Thank you so much for the response.  Is бути the only common verb that does this, or are there others that are only subject/ predicate with no linking verb?


----------



## Orlin

arhall2 said:


> Thank you so much for the response. Is бути the only common verb that does this, or are there others that are only subject/ predicate with no linking verb?


I don't understand what you're actually asking but I'd say:
1. I don't know about Ukrainian, but in Russian there are other verbs that can serve as copulas (like in English, where _to be_ is *not* the only possible linking verb) and these verbs are conjugated normally. It probably applies to Ukrainian.
2. In all constructions other than subject-copula-predicative, all *imperfective *verbs can be used in the present tense (valid for all East and West Slavic languages).


----------



## Selyd

Вітаю, *arhall2*!
Щодо дієслова *бути*. Покажу на прикладах.
Теперішній час:
_Не_ _вживається_ - *Я (є) математик. Ти (є) лікар. Вони (є) старанні.*
В поезії _вживається_ - *Ми є народ, якого правди сила ...*
В мовленні _вживається_, якщо акцентується - *То є таке стерво!*
В звичайній функції - *У мене є книга з української граматики. В тому магазині є багато свіжих фруктів.*
В інших часах опускати не можна:
*Він був гарним лікарем. Цей хлопчина буде неабияким математиком.*
Щодо *"я єсьм, ти єси"* - в побуті ніколи не вживається, тільки в поезії чи художніх творах. *Що ти за сила єси? - питали.* Здається в Карпатах (гори)
є вираз *Не суть (*_Не є_*) - *Тобто* немає.*
Може згодиться, перемагай! До послуг.


----------



## oleksii

я єсьм, ти єси - are rather old-Slavic forms, and they are not used in modern spoken or written language. The only exception perhaps is usage in poetry or religious texts, just like old-English "thou art" or "thou beest".  As for бути (infinitive) and є (present), sometimes (very rare) it does not get omitted in constructions like "Я є письменник" (I'm a writer), in particular people in Western Ukraine sometimes do use  it in such context. The rule of thumb here is - simply always omit it, you won't be mistaken. BUT, as Selyd said, it can be omitted only in present tense.


----------



## Deem-A

Right,in contemporary Ukrainian remained only the form є


----------



## Selyd

Deem-A said:


> Right,in contemporary Ukrainian remained only the form є


Не так категорично.
Див. 
В мовленні _вживається_, якщо акцентується - *То є таке стерво!*
*Та справа є доведена до такої плутанини, що й годі.*
Або повчально - *Він є вчитель - мусиш його слухатися.*
Українській властиве використання різноманітних ресурсів мови, не нехтування ними. Це свідчить про те, що мову використовує автохтон. А не той, хто її сприйняв.
(Ukrainian use of various resources of language, not neglect by them is peculiar. This certificate that language is used by the radical inhabitant. Not the one who it has apprehended.)


----------



## ectuohy

My Ukrainian teacher explained the dropping of "to be" in the present this way:

When the cartoon character says "Me Tarzan, you Jane," we understand exactly what he means. It sounds "weird" to us, but the addition of the linking verb (or "copula" to use the technical term) doesn't really add any new information. So Ukrainian just skips it altogether. "Я Тарзан, а ти Джейн" is a perfectly grammatical sentence.
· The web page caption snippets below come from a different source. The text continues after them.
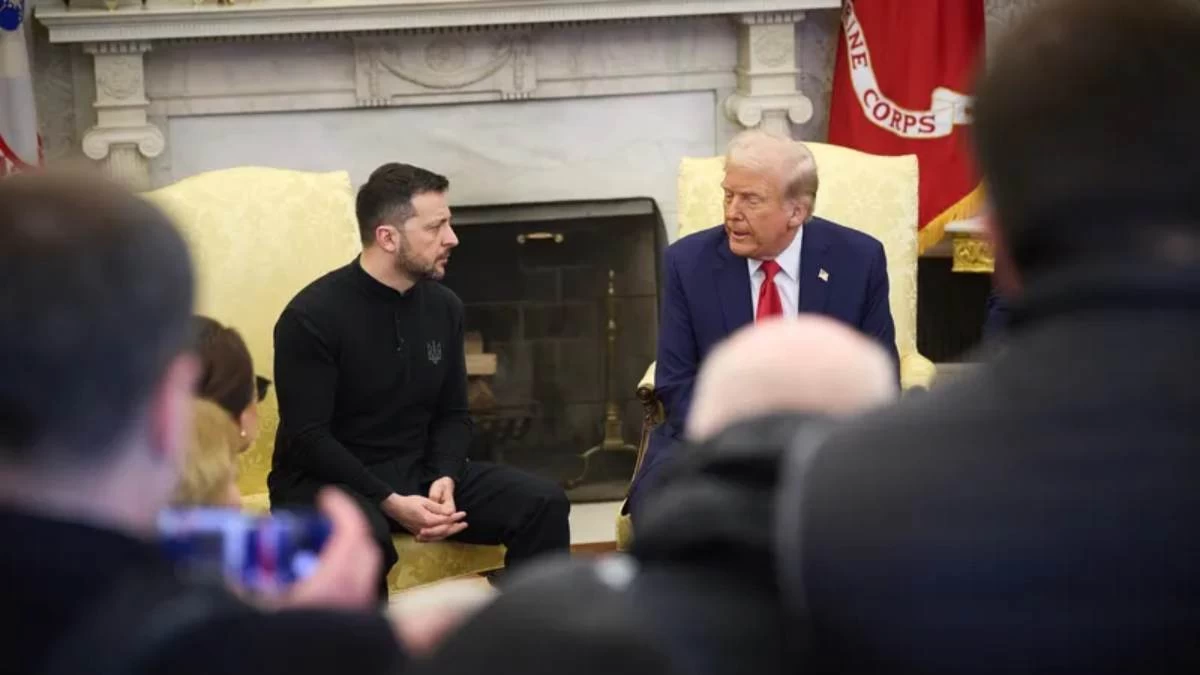 Трамп Зеленскиймен сөйлесті
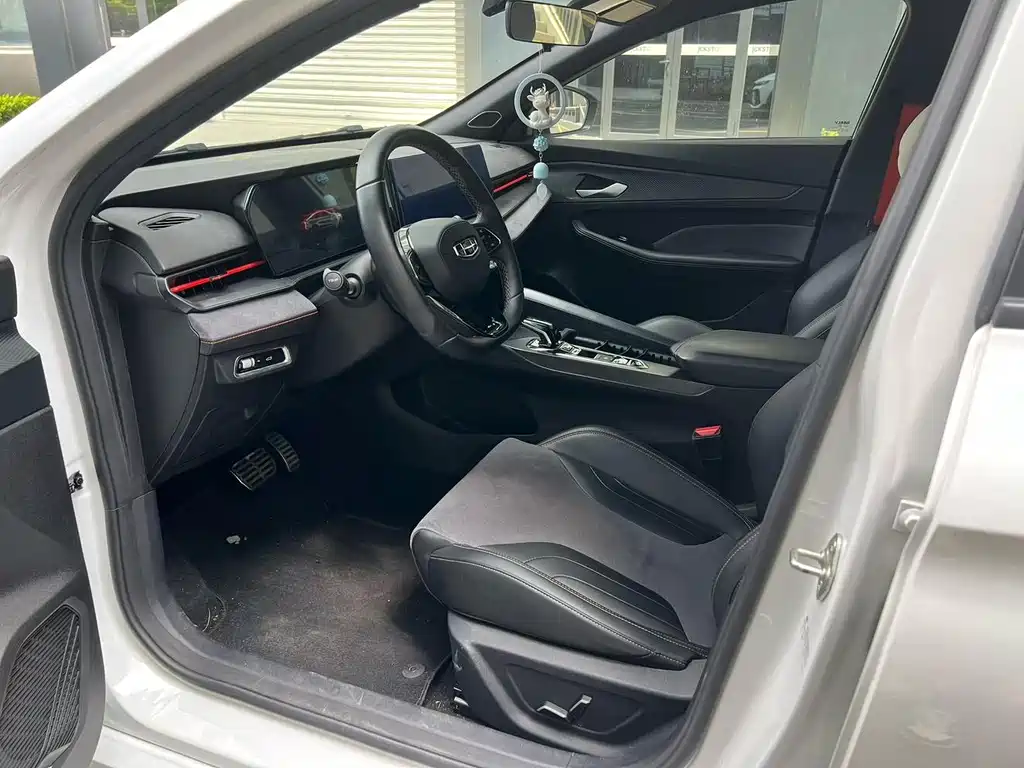 Geely Binrui — миниатюра 6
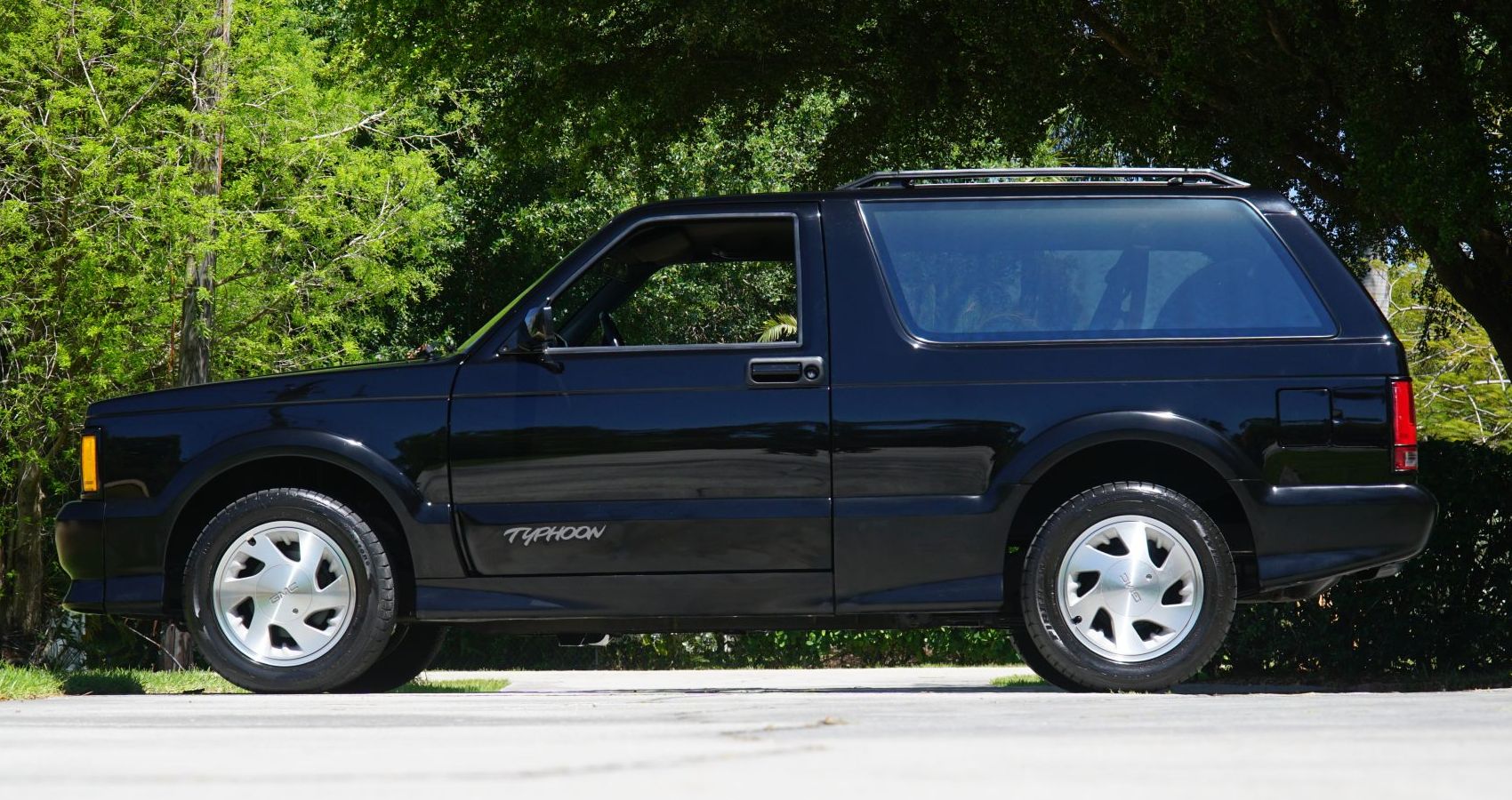 Here's What Only True Gearheads Know About The GMC Typhoon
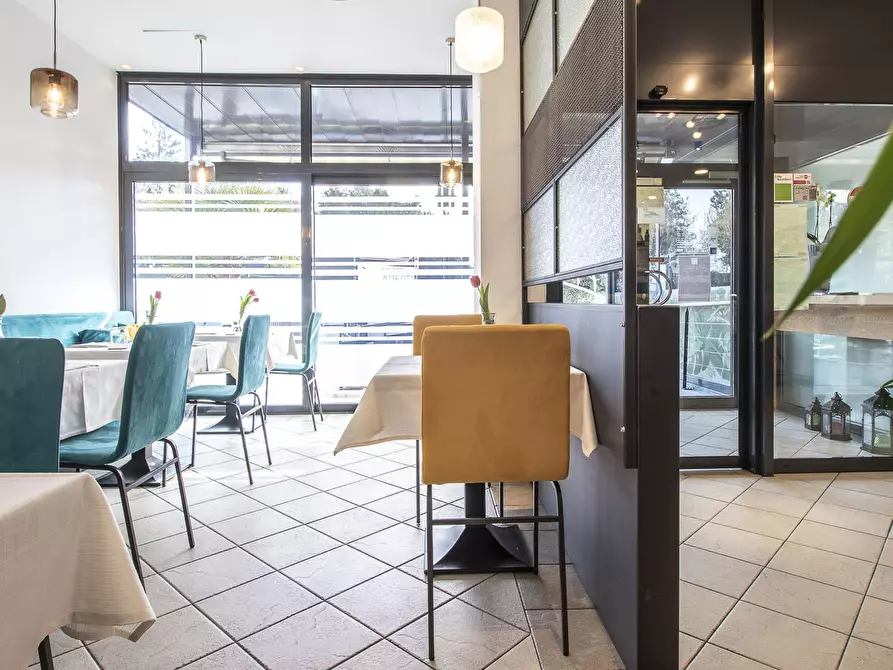 Immagine 11 di Bar / Ristorante in vendita  in Via Cantù 27/A a Cucciago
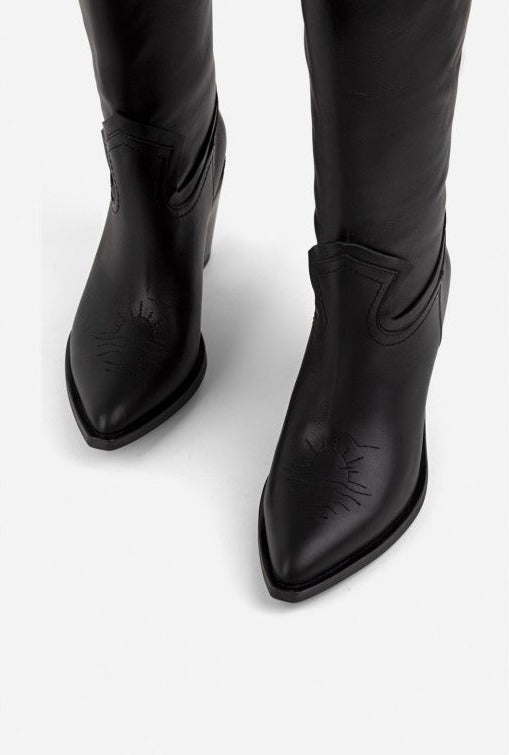 Lula black leather cowboy boots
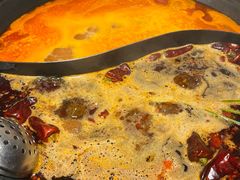 -旧街市鲜货老火锅(大光路店)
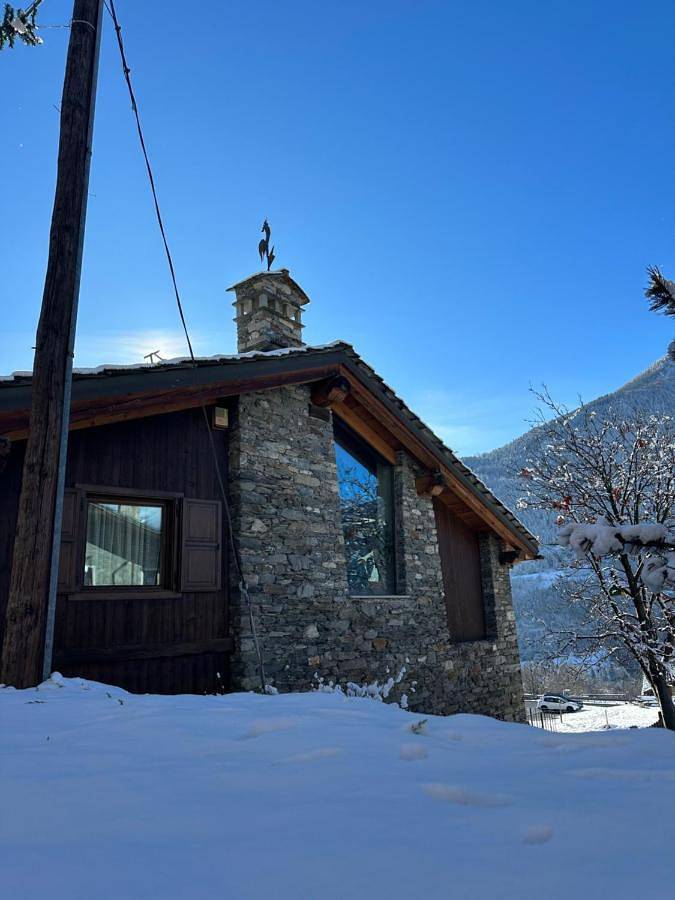 Appartement entier, Trois Couronnes - Grande Rochere Appartamento di Charme a La Salle Valle d'Aosta in La Salle, Comune di La Salle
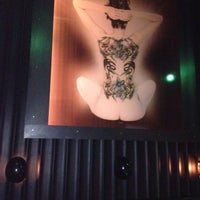 4/1/2012 tarihinde Dana B.ziyaretçi tarafından Tattoo Bar'de çekilen fotoğraf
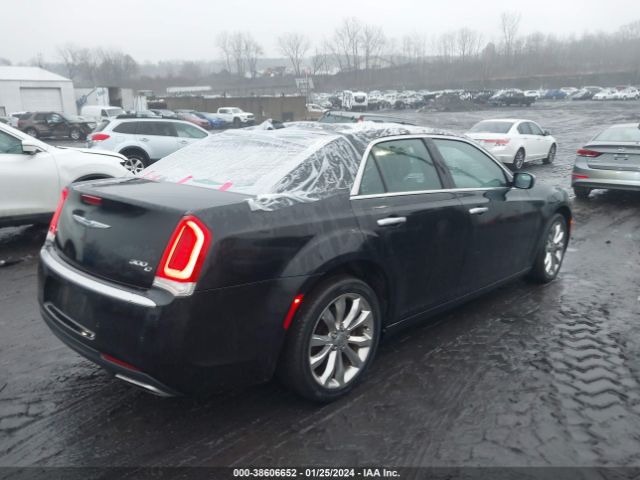 Photo 3 VIN: 2C3CCASG3FH767337 - CHRYSLER 300C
The forms you mention  did in fact once feature in the language, but have (except for the rare examples cited by the above commenters) dropped out of the language entirely. It should be noted that Polish, Slovak still DO use "to be" in the present tense, and it's no coincidence that one can hear these or similar forms in the dialects spoken in rural parts of Ukraine near the borders with those countries.

Great to see another American learning Ukrainian--definitely come back and ask more questions!


----------



## jazyk

> that Polish, Slovak still DO use "to be" in the present tense,


Among Slavic languages, probably only the Eastern ones (Russian, Belorussian and Ukrainian) don't use the verb to be in the present tense, all others do.


----------



## Selyd

ectuohy said:


> my ukrainian teacher explained the dropping of "to be" in the present this way:
> 
> When the cartoon character says "me tarzan, you jane," we understand exactly what he means. It sounds "weird" to us, but the addition of the linking verb (or "copula" to use the technical term) doesn't really add any new information. So ukrainian just skips it altogether. "Я Тарзан, а ти Джейн" is a perfectly grammatical sentence.
> 
> The forms you mention did in fact once feature in the language, but have (except for the rare examples cited by the above commenters) dropped out of the language entirely. It should be noted that polish, slovak still do use "to be" in the present tense, and it's no coincidence that one can hear these or similar forms in the dialects spoken in rural parts of ukraine near the borders with those countries.
> 
> Great to see another american learning ukrainian--definitely come back and ask more questions!


 
На мою думку випадання в теперішньому часі дієслова  *бути*  відбулося із-за декількох причин
 -ламає мелодику
 - щодо першої особи надає надлишкової пишноти висловлюванню, а це зазвичай не властиве пересічним людям
 - напливає двозначність висловлювання (означення та наявність).
*Ще раз підкреслюю, що залишилося у вузькому використанні.*


----------



## Tjahzi

arhall2 said:


> Thank you so much for the response.  Is бути the only common verb that does this, or are there others that are only subject/ predicate with no linking verb?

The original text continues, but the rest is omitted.